== Segment start ==
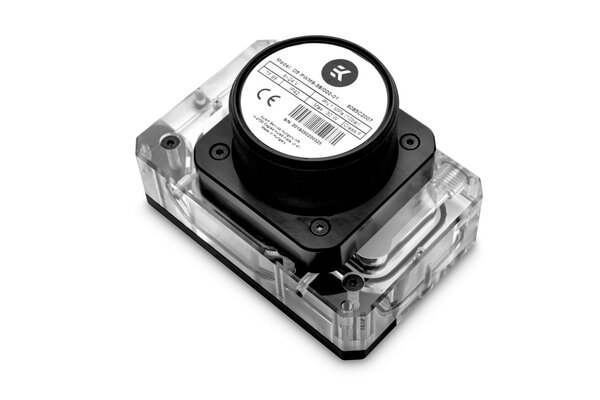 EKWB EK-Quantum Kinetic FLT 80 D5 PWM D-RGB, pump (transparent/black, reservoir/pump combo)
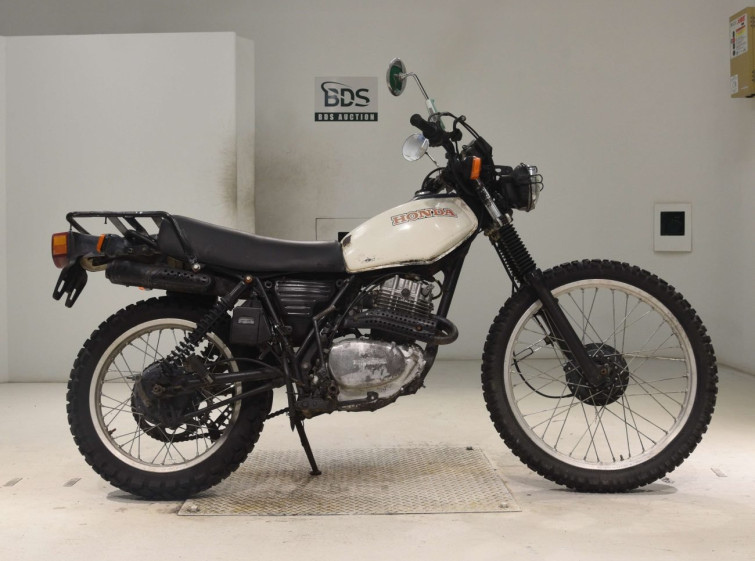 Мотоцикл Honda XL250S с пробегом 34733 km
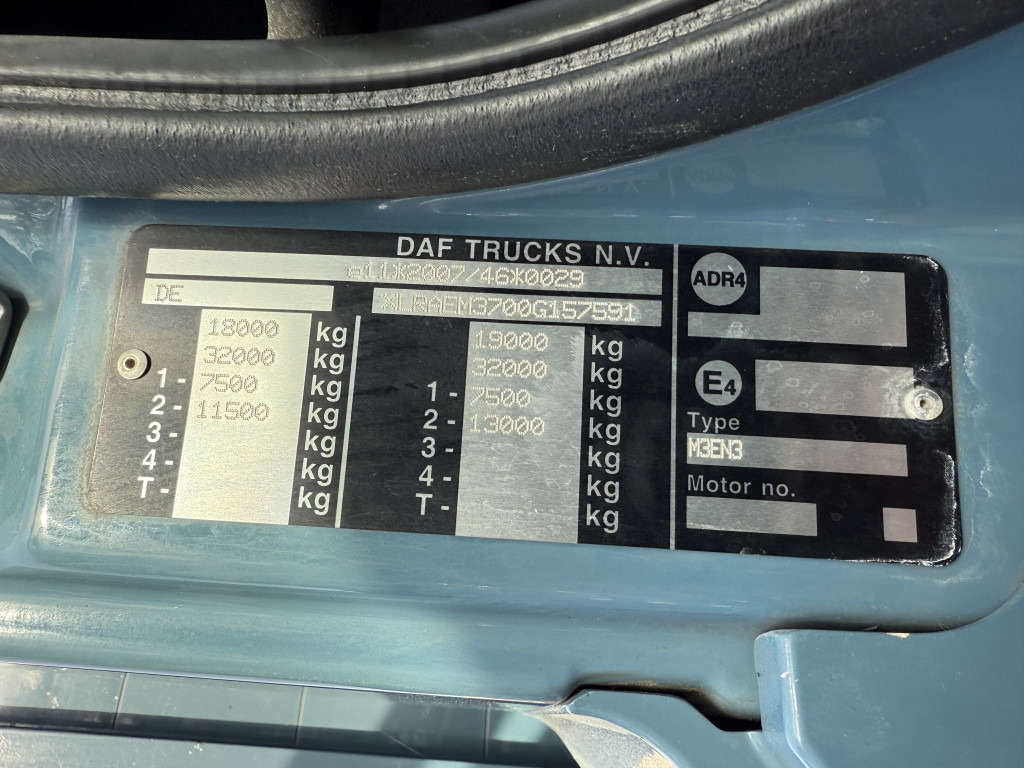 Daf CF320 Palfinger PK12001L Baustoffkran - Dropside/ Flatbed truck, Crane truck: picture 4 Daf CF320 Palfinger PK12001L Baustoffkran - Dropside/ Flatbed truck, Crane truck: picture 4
== Segment end ==
Quote the full listing above word for word; exclude every picture from the copy.

• _Output below_:
 EKWB EK-Quantum Kinetic FLT 80 D5 PWM D-RGB, pump (transparent/black, reservoir/pump combo)
 Мотоцикл Honda XL250S с пробегом 34733 km
 Daf CF320 Palfinger PK12001L Baustoffkran - Dropside/ Flatbed truck, Crane truck: picture 4 Daf CF320 Palfinger PK12001L Baustoffkran - Dropside/ Flatbed truck, Crane truck: picture 4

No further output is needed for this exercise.